SAN FRANCISCO — Apple said it would begin selling song downloads without the anticopying measures that have been part of its iTunes music store since it opened in 2003. It will also move away from its insistence on pricing songs at 99 cents.
Philip W. Schiller, Apple’s senior vice president of worldwide product marketing, announced the changes at the Macworld Expo here. They are the product of a new deal between Apple and the three largest music companies: Sony BMG, the Universal Music Group and the Warner Music Group.
As the recording industry has sought for years, the price of many older and less popular songs in the store will drop to 69 cents beginning in April, while the biggest new hits will go for $1.29. Others that are in more moderate demand will remain at 99 cents.

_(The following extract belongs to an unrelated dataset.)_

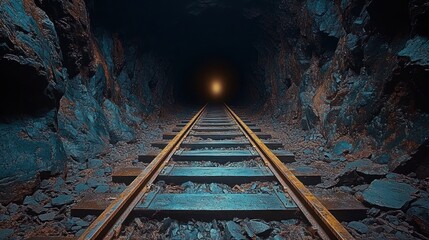 rusty rail tracks through a rocky underground tunnel leading to a distant warm light, eerie suspenseful atmosphere and deep sense of isolation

In 2007, Apple made a deal with EMI, the smallest of the four major record companies, to sell higher-quality audio files of its songs without digital rights management, or D.R.M., the security software that limits how many copies a customer can make of a download, and also restricts what devices the song can be played on.
Many analysts saw the demise of D.R.M. as an inevitability, since the major labels have been selling music without those restrictions through other large online retailers, like Amazon.com and Rhapsody.
But Apple’s concession over pricing was seen as a victory for the labels, which have been struggling for eight years with steep losses in sales of physical CDs.
“It’s not something that’s necessarily going to be a blockbuster,” said Russ Crupnick, an analyst with the NPD Group. “But if you could increase the value of the average customer by 10, 20, 30 percent, that’s a huge win for the labels, because they’re struggling to find those incremental revenue sources.”
Mr. Schiller said in his speech that Apple would immediately offer 8 million songs without D.R.M. and add the store’s remaining 2 million songs by the end of the quarter.